On Fri, 2023-07-21 at 18:35 +0100, Matthew Garrett wrote:
> On Fri, Jul 21, 2023 at 10:55:39AM +0200, Marco d'Itri wrote:
> 
> > Unless somebody has a better idea then then my plan is to ship in the 
> > next upload of kmod a file in /etc/modprobe.d/ which uses the blacklist 
> > directive to prevent automatically loading some file system modules.
> 
> I think this would break any existing fstab entries that reference hfs 
> and hfsplus, and the convenient way to integrate Linux boot with x86 
> Macs is certainly to have an hfsplus EFI partition so this may be a 
> legitimate use-case. It also means that anyone who has a need to use one 
> of these filesystems in a static manner is vulnerable to automount 
> attacks using them.

Right, auto-loading of filesystems has to keep working.  And since
mount() of arbitrary filesystems is restricted to root (CAP_NET_ADMIN
in the initial namespace), we should let the callers apply a block- or
allow-list.

The reason we have to disable auto-loading of network protocols is that
socket creation is generally an unprivileged operation, so there's no
trusted user-space that can apply the policy (besides kmod).

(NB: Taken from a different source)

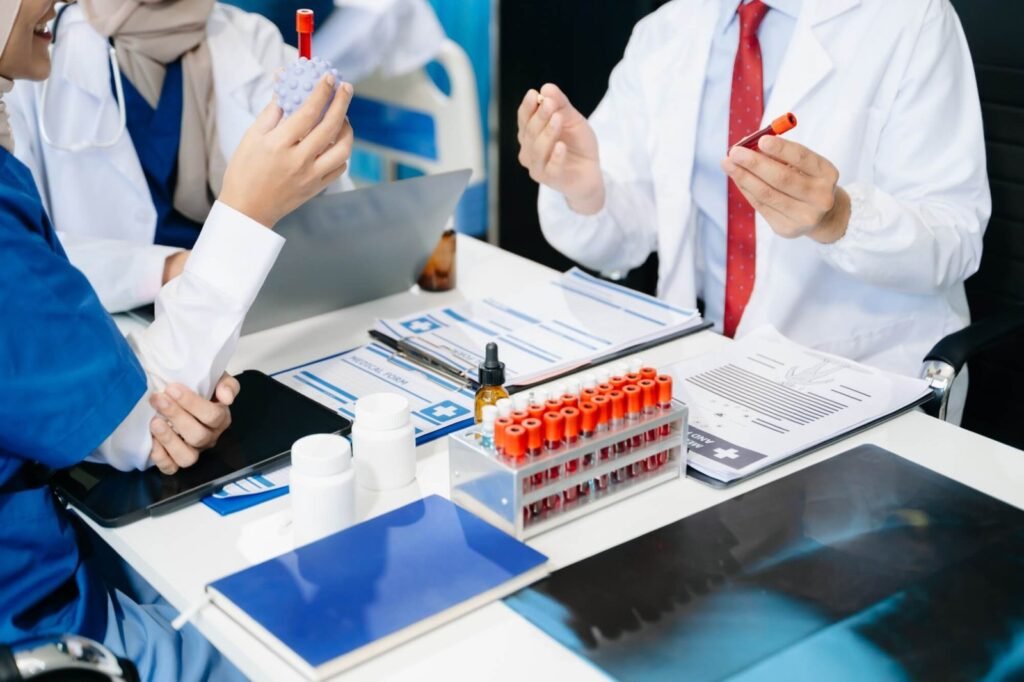 Equipo médico analizando muestras de sangre y documentos clínicos en laboratorio moderno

> Completely untested, but I think something along the lines of:
> 
> SUBSYSTEM!="block", GOTO="udisks_insecure_fs_end"
> ENV{ID_FS_TYPE}=="hfs", ENV{UDISKS_AUTO}="0"
> ENV{ID_FS_TYPE}=="hfsplus", ENV{UDISKS_AUTO}="0"
> LABEL="udisks_insecure_fs_end"
> 
> in a udev fragment should work? Any static fstab or mount units should 
> still work, but it should disable udisks automounting regardless of the 
> desktop agent involved, even if the fs modules are already loaded.

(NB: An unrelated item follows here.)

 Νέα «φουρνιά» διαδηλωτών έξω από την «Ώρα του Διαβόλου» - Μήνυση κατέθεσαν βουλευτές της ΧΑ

I agree we should not have UDisks probing for any of the (many) kernel
filesystems that aren't being actively maintained including responding
to security issues.

Beyond that, I would also like to see libmount limiting the filesystems
that it will probe when the fstab type is "auto".  But since UDisks
normally handles mounting for unprivileged users, that's probably less
of a concern.

Ben.

-- 
Ben Hutchings
If you seem to know what you are doing, you'll be given more to do.